(PROVIDED ENTRIES)

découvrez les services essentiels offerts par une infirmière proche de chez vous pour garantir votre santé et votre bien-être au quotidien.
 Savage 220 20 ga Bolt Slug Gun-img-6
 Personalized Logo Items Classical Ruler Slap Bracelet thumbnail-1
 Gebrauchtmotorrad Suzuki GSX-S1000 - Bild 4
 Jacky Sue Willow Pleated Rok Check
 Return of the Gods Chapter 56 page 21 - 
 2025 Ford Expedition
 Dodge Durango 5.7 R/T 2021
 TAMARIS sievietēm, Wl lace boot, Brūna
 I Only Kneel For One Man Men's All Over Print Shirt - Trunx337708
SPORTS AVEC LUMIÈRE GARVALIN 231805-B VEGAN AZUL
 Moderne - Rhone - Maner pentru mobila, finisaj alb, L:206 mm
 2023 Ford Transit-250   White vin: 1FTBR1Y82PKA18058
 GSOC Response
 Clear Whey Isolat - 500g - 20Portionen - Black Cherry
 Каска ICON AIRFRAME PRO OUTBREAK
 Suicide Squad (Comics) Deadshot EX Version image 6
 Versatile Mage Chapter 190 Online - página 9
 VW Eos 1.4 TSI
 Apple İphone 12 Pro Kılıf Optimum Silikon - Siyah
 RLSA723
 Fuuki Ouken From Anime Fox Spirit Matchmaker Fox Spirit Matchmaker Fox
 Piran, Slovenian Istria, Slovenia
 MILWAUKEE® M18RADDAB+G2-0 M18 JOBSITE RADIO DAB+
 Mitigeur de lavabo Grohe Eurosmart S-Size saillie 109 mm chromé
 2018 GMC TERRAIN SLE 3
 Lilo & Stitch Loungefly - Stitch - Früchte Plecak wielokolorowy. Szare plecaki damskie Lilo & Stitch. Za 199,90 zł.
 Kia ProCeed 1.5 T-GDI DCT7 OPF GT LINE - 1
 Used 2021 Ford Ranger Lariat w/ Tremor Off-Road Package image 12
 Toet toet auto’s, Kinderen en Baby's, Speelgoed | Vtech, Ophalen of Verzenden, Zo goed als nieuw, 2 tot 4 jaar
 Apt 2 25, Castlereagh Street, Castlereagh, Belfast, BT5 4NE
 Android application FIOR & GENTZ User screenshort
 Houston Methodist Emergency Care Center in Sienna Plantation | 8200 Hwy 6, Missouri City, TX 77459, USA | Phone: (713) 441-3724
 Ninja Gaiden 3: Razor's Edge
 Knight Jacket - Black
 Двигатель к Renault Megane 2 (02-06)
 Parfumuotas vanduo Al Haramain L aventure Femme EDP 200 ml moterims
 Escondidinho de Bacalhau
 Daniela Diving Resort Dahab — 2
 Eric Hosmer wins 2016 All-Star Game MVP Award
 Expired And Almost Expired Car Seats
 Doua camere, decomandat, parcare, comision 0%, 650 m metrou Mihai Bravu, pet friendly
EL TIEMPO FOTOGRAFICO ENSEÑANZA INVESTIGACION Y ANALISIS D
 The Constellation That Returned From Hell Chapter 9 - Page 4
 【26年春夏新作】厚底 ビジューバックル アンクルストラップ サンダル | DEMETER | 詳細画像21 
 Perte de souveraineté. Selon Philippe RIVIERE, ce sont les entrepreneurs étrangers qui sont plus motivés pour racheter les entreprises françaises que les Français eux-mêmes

(End PROVIDED ENTRIES)

:: THE TASK ::
An exact reproduction of all the entries, complete to the last line, is needed.

:: EXPECTED OUTPUT ::
découvrez les services essentiels offerts par une infirmière proche de chez vous pour garantir votre santé et votre bien-être au quotidien.
 Savage 220 20 ga Bolt Slug Gun-img-6
 Personalized Logo Items Classical Ruler Slap Bracelet thumbnail-1
 Gebrauchtmotorrad Suzuki GSX-S1000 - Bild 4
 Jacky Sue Willow Pleated Rok Check
 Return of the Gods Chapter 56 page 21 - 
 2025 Ford Expedition
 Dodge Durango 5.7 R/T 2021
 TAMARIS sievietēm, Wl lace boot, Brūna
 I Only Kneel For One Man Men's All Over Print Shirt - Trunx337708
SPORTS AVEC LUMIÈRE GARVALIN 231805-B VEGAN AZUL
 Moderne - Rhone - Maner pentru mobila, finisaj alb, L:206 mm
 2023 Ford Transit-250   White vin: 1FTBR1Y82PKA18058
 GSOC Response
 Clear Whey Isolat - 500g - 20Portionen - Black Cherry
 Каска ICON AIRFRAME PRO OUTBREAK
 Suicide Squad (Comics) Deadshot EX Version image 6
 Versatile Mage Chapter 190 Online - página 9
 VW Eos 1.4 TSI
 Apple İphone 12 Pro Kılıf Optimum Silikon - Siyah
 RLSA723
 Fuuki Ouken From Anime Fox Spirit Matchmaker Fox Spirit Matchmaker Fox
 Piran, Slovenian Istria, Slovenia
 MILWAUKEE® M18RADDAB+G2-0 M18 JOBSITE RADIO DAB+
 Mitigeur de lavabo Grohe Eurosmart S-Size saillie 109 mm chromé
 2018 GMC TERRAIN SLE 3
 Lilo & Stitch Loungefly - Stitch - Früchte Plecak wielokolorowy. Szare plecaki damskie Lilo & Stitch. Za 199,90 zł.
 Kia ProCeed 1.5 T-GDI DCT7 OPF GT LINE - 1
 Used 2021 Ford Ranger Lariat w/ Tremor Off-Road Package image 12
 Toet toet auto’s, Kinderen en Baby's, Speelgoed | Vtech, Ophalen of Verzenden, Zo goed als nieuw, 2 tot 4 jaar
 Apt 2 25, Castlereagh Street, Castlereagh, Belfast, BT5 4NE
 Android application FIOR & GENTZ User screenshort
 Houston Methodist Emergency Care Center in Sienna Plantation | 8200 Hwy 6, Missouri City, TX 77459, USA | Phone: (713) 441-3724
 Ninja Gaiden 3: Razor's Edge
 Knight Jacket - Black
 Двигатель к Renault Megane 2 (02-06)
 Parfumuotas vanduo Al Haramain L aventure Femme EDP 200 ml moterims
 Escondidinho de Bacalhau
 Daniela Diving Resort Dahab — 2
 Eric Hosmer wins 2016 All-Star Game MVP Award
 Expired And Almost Expired Car Seats
 Doua camere, decomandat, parcare, comision 0%, 650 m metrou Mihai Bravu, pet friendly
EL TIEMPO FOTOGRAFICO ENSEÑANZA INVESTIGACION Y ANALISIS D
 The Constellation That Returned From Hell Chapter 9 - Page 4
 【26年春夏新作】厚底 ビジューバックル アンクルストラップ サンダル | DEMETER | 詳細画像21 
 Perte de souveraineté. Selon Philippe RIVIERE, ce sont les entrepreneurs étrangers qui sont plus motivés pour racheter les entreprises françaises que les Français eux-mêmes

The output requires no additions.